This clicker serves much the same purpose as a “traditional” one-sentence summary, in part because it’s a “multiple mark” style of question, asking students to identify not one, but two things wrong with the given summary.  If your clicker system allows actual multiple-mark questions, allowing students to select as many incorrect elements as they wish, the question becomes even more complex–and thus closer in usage to the one-sentence summary described by Angelo and Cross.

Charlotte and Deborah make a few very good points about modifying CATs to work with clickers.  They note that doing so “tends to down-grade the complexity” of the CAT itself.  With the one-sentence summary, for instance, you lose the ability to see what surprising things students might say in their constructed sentences.  However, Charlotte and Deborah point out that class discussion of the clicker question can restore that complexity.  As they write, “Instructors often get the most out of clickers when they are used to prompt discussion,” which is a point I always make when I talk about teaching with clickers.

Here’s one more great example along those lines.  Instead of asking students to write down the “muddiest point” of a lecture at the end of class, Charlotte and Deborah suggest in their handout the following:

List potential topics on slide and include an “other” option. Ask students to indicate the topic with which they had the most difficulty.

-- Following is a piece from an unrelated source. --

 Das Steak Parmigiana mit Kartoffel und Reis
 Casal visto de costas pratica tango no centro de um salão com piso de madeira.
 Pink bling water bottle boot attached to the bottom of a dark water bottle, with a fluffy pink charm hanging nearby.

If a significant proportion of the class selects “other”, probe the class to identify other “muddy” issues.

For other ideas on adapting CATs for use with clickers, take a look at their handout.  The Angelo and Cross CATs book is well-known in some educational circles (not so much in others, unfortunately), and Charlotte and Deborah’s work serves as a nice introduction to teaching with clickers for those familiar with the book.  Conversely, those already teaching with clickers are likely to find a few new ideas for using them as they explore the CATs framework.

Maybe this is obvious to others, but I hadn’t thought of this particular use of numeric-response clicker questions, shared with me by a humanities professor recently: In a class that deals with history, ask students to identify the year in which a particular event happened using a numeric-response clicker question.

This question type is typically used in math and science classes to have students respond with their answers to open-ended computational questions, but it can just as easily be used in a humanities class to have students respond with dates (e.g. 1776, 2010).  Sure, one could ask students to respond to a multiple-choice date question, but the free-response format might surface some wrong answers you wouldn’t predict.

This kind of question isn’t limited to events, of course.  You could also ask students to identify the year a piece of literature was written or an artwork was created.  This type of question need not be a factual recall question, either.  You could present to students a piece of art, for instance, they haven’t likely seen before and ask them to analyze the artwork and estimate when it was created.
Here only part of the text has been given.